Written and directed by Englishman Mike Leigh, of Another Year and Vera Drake, Mr Turner is an almost overwhelmingly detailed biopic of famous 18th century English Romantic landscape painter (and serial grumbler) Joseph Mallord William Turner.
Played expertly by Timothy Spall (of Peter Pettigrew in the Harry Potter films fame, among other British greats), Turner is a bumbling, mumbling, shuffling – yet somehow bold – physically unattractive, artistic prodigy.

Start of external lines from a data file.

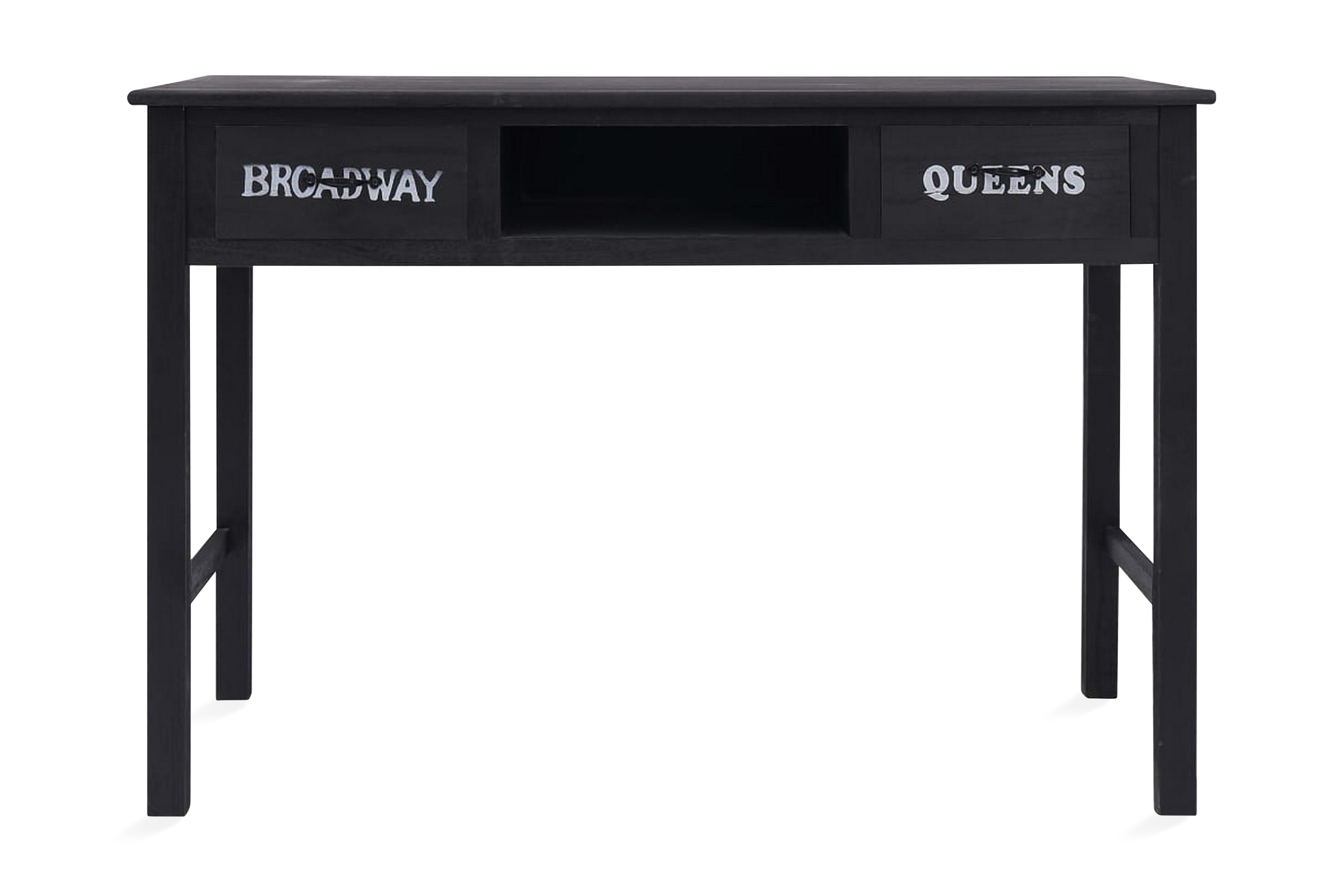 Avlastningsbord svart 110x45x76 cm trä – Svart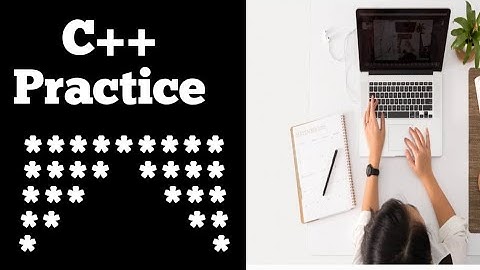 #35 C++ Programming Questions Practice : Star Pattern 11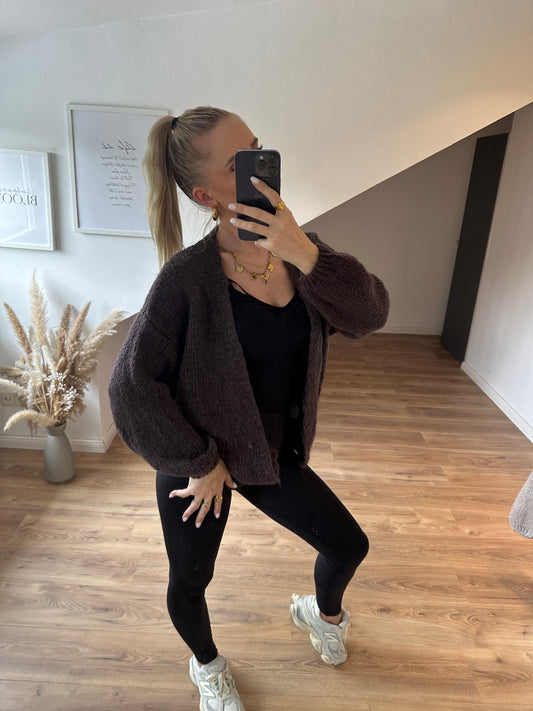 Cardigan "Livi"Braun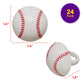 DecoPac Baseball Rings, Cupcake Decorations, Baseball Cupcake Toppers, Food Safe - 24 Pack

His works are masterful, and this opinion is clearly not one the director and cinematographer have shied away from (read: there’s plenty of footage of the artworks, though whether it’s imitation art or the genuine article is another matter).
Spanning 25 odd years, the film follows Turner’s professional life as it interweaves with his private life, incorporating the women who lived by and loved him, and the daughters which he refuses to acknowledge are his own, despite their pleas.
The elaborate set and costume designs, the equally intimate and majestic scenery, the almost-eery complementary score and the all-too-British variety of characters, with their varied accents and their outspoken opinions on the fine arts, make Mr Turner a near-two-hour, highly-stylised piece of art in itself.
Certainly worth seeing, especially for fans of the artist’s collection and the inspiration behind it.